Three years left to limit greenhouse gasses: study

A power plant in the US
The world will pass its set limit of 1.5 degrees global warming within the next three years : study. -AP

Humans are on track to release so much greenhouse gas in less than three years that breaching a key threshold for limiting global warming will be nearly unavoidable.

A new study predicts that by early 2028 there will be enough of the heat-trapping carbon dioxide gas in the atmosphere to create a 50-50 chance or greater that the world will be locked in to 1.5 degrees Celsius of long-term warming since preindustrial times. 

That level of gas accumulation, which comes from the burning of fuels like petrol, oil and coal, is sooner than the same group of 60 international scientists calculated in a study last year. 

"Things aren't just getting worse. They're getting worse faster," said study co-author Zeke Hausfather of the tech firm Stripe and the climate monitoring group Berkeley Earth. "We're actively moving in the wrong direction in a critical period of time that we would need to meet our most ambitious climate goals. Some reports, there's a silver lining. I don't think there really is one in this one."

That 1.5 degree goal, first set in the 2015 Paris agreement, has been a cornerstone of international efforts to curb worsening climate change. 

Scientists say crossing that limit would mean worse heat waves and droughts, bigger storms and a rise in sea-levels that could imperil small island nations. 

In Thursday's Indicators of Global Climate Change report, researchers calculated that society can spew only 130 billion metric tons of carbon dioxide before the 1.5 limit becomes technically inevitable. The world is producing 442 billion metric tons a year, so that inevitability should hit around February 2028, the scientists wrote. 

The report, published in the journal Earth System Science Data, shows that the rate of human-caused warming per decade has increased to nearly 0.27 degrees Celsius per decade, Hausfather said. 

And the imbalance between the heat Earth absorbs from the sun and the amount it radiates out to space, a key climate change signal, is accelerating, the report said.

"It's quite a depressing picture unfortunately, where if you look across the indicators, we find that records are really being broken everywhere," said lead author Piers Forster, director of the Priestley Centre for Climate Futures at the University of Leeds in England. "I can't conceive of a situation where we can really avoid passing 1.5 degrees of very long-term temperature change."

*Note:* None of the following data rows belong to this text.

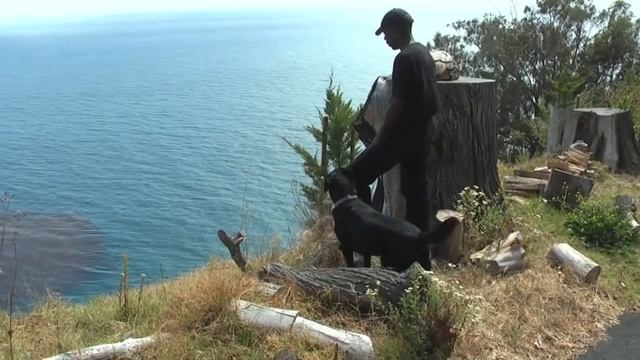 Felony / Stalker 7 смотреть онлайн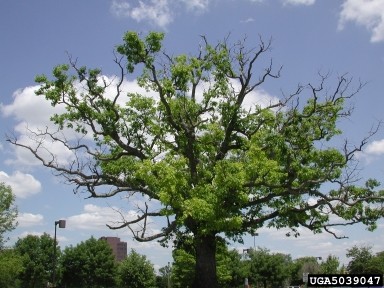 Oak Decline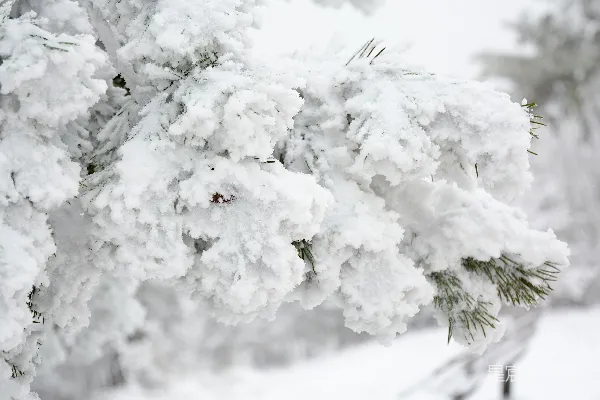 高清摄影 冬日松枝上的雪景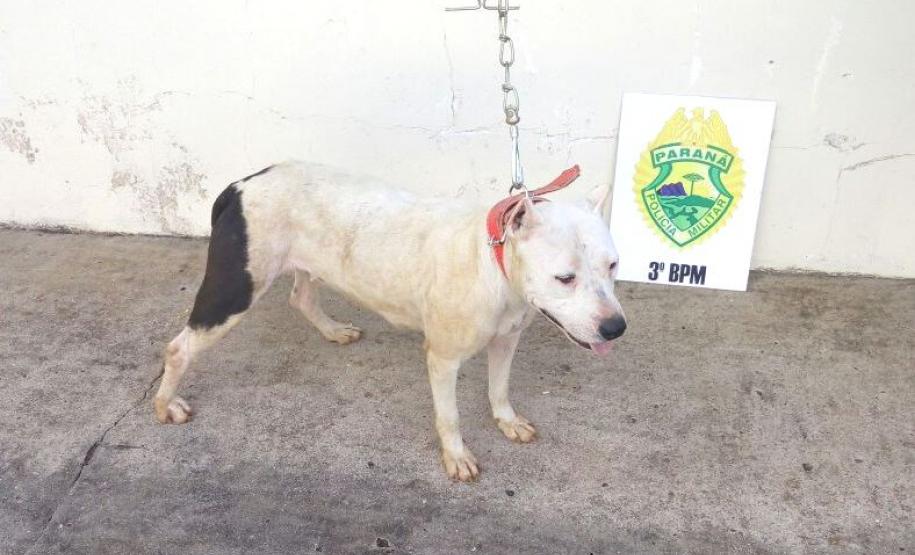 PM recupera cachorra de estimação em Palmas (PR), no Sudoeste do estado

Reduced particle pollution, which includes soot and smog, is another factor because those particles had a cooling effect that masked even more warming from appearing, scientists said. 

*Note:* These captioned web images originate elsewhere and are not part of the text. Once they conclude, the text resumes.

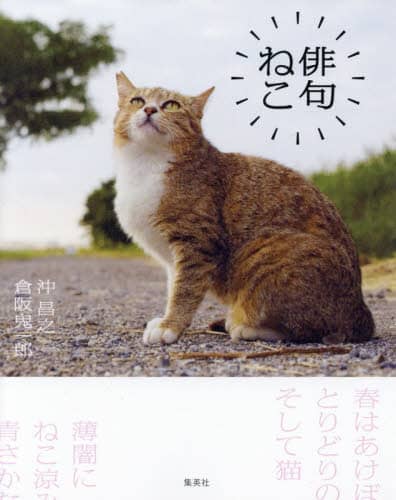 俳句ねこ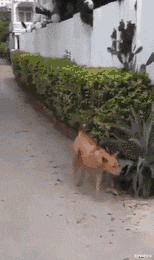 海波|喬杉洗腳城被抓了,會像海波一樣退出演藝圈嗎?哈哈哈哈哈哈哈...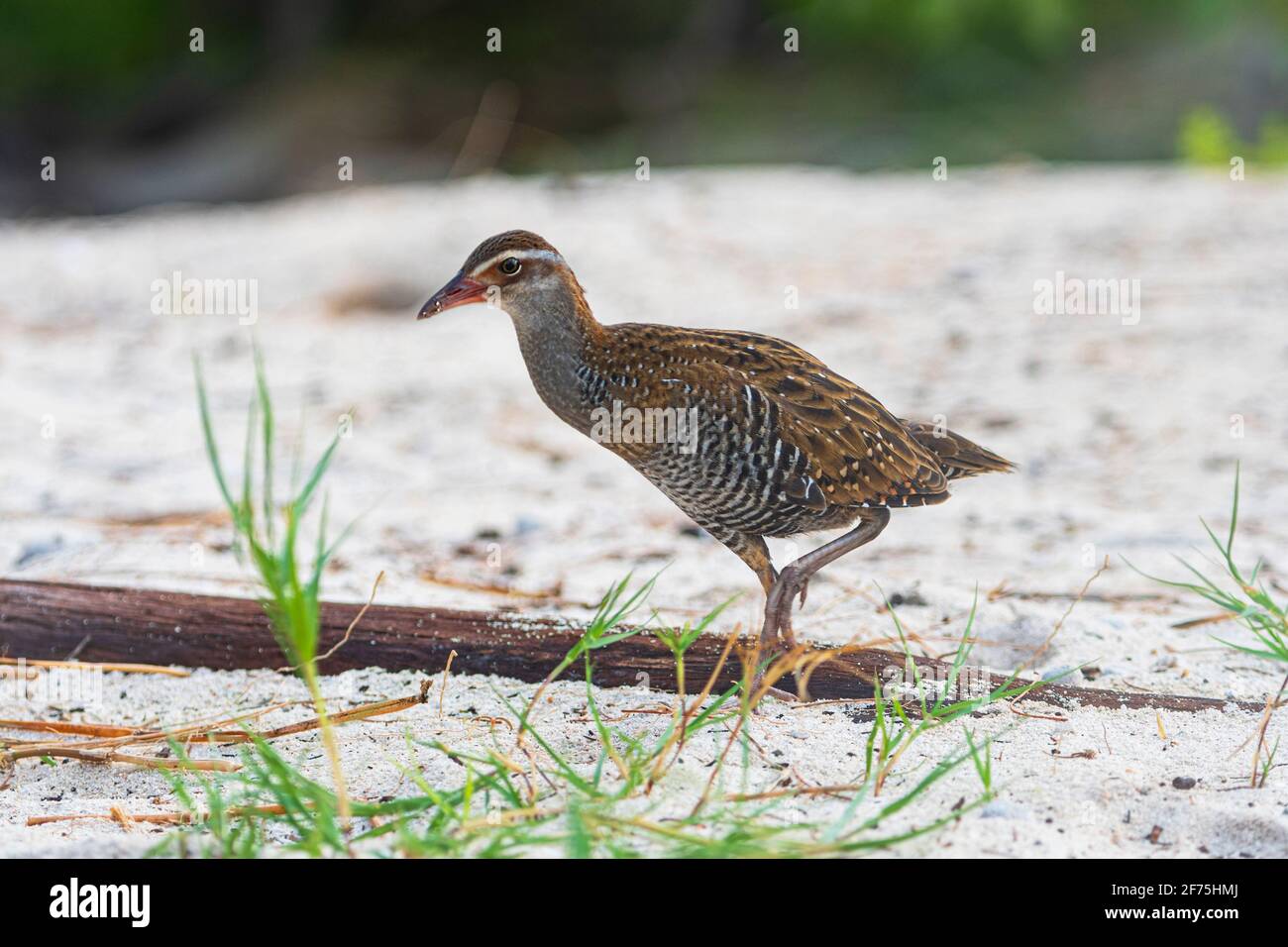 A Buff-Banded Rail (Gallirallus philippensis), Heron Island, Great Barrier Reef, Far North Queensland, QLD, FNQ, GBR, Australien Stockfoto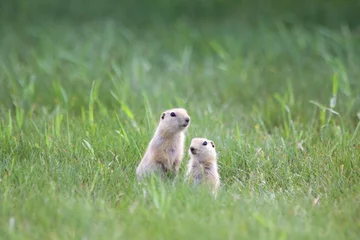 Foto op Plexiglas Two Prairie Dogs © couragesings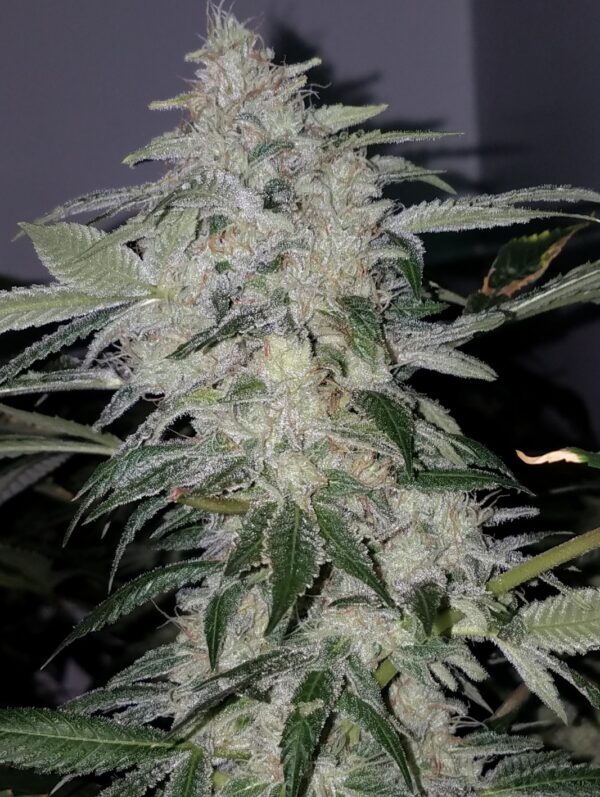 Heavy D - Image 8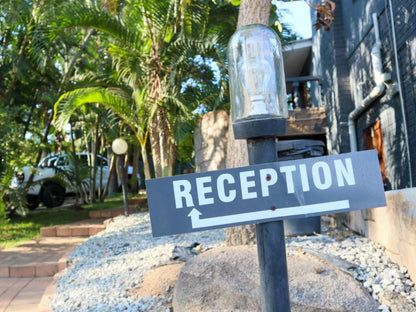 Casa Palmeira Guesthouse, Palm Tree, Plant, Nature, Wood, Sign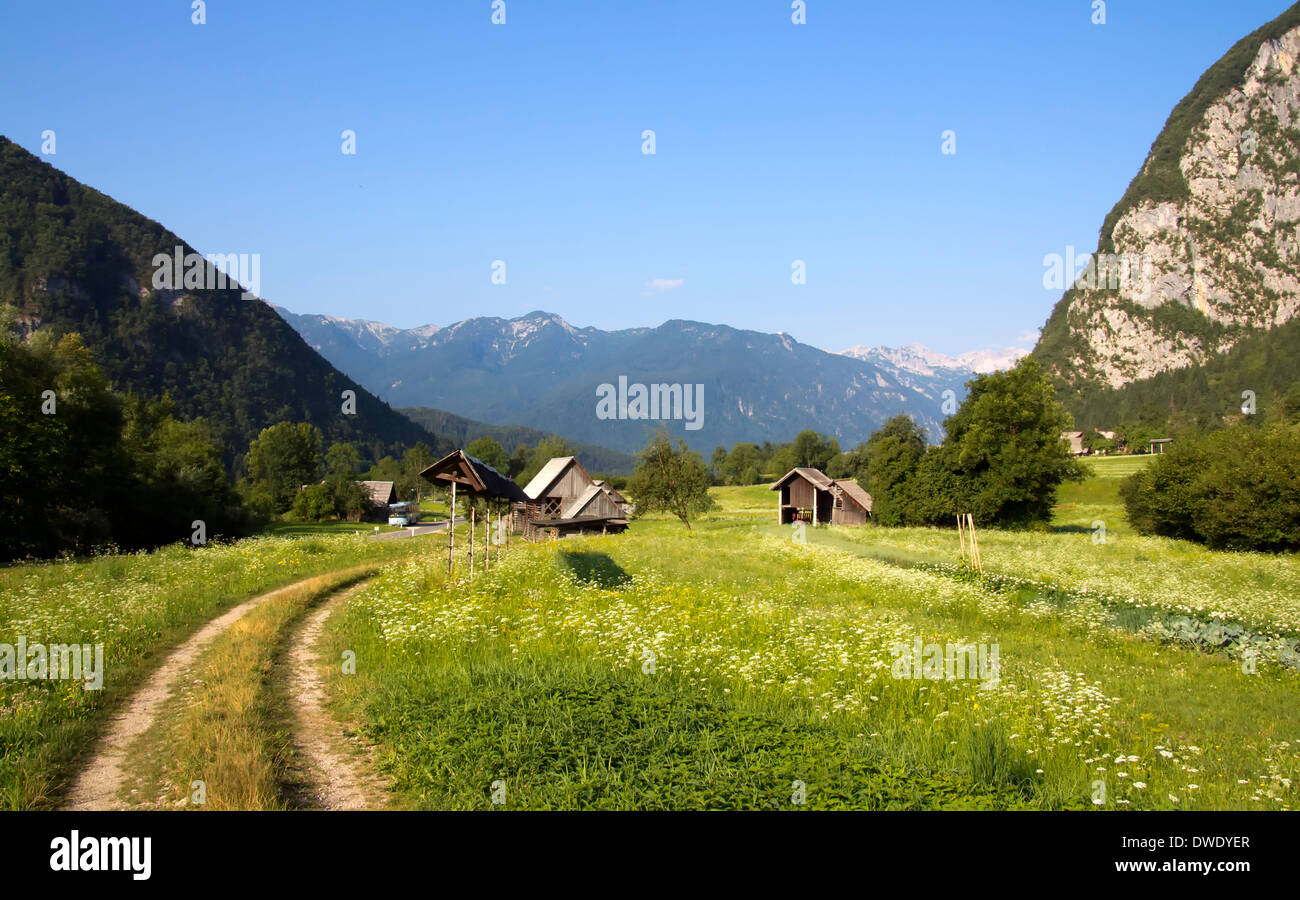 Bohinj, Slovenia with Alps in background. Stock Photo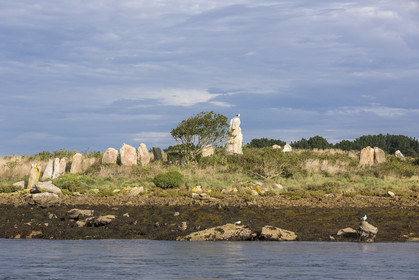 Er Lannic dans le golfe du Morbihan à Arzon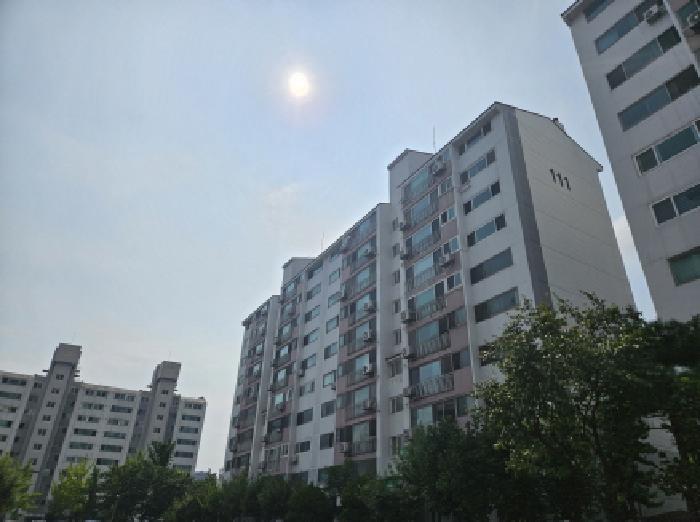 사진 1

That all shows up in Earth's energy imbalance, which is now 25 per cent higher than it was just a decade or so ago, Forster said.

Earth's energy imbalance "is the most important measure of the amount of heat being trapped in the system," Hausfather said. 

Earth keeps absorbing more and more heat than it releases. "It is very clearly accelerating. It's worrisome," he said.

That 1.5 is "a clear limit, a political limit for which countries have decided that beyond which the impact of climate change would be unacceptable to their societies," said study co-author Joeri Rogelj, a climate scientist at Imperial College London. 

 He added that efforts to curb emissions and the impacts of climate change must continue even if the 1.5 degree threshold is exceeded.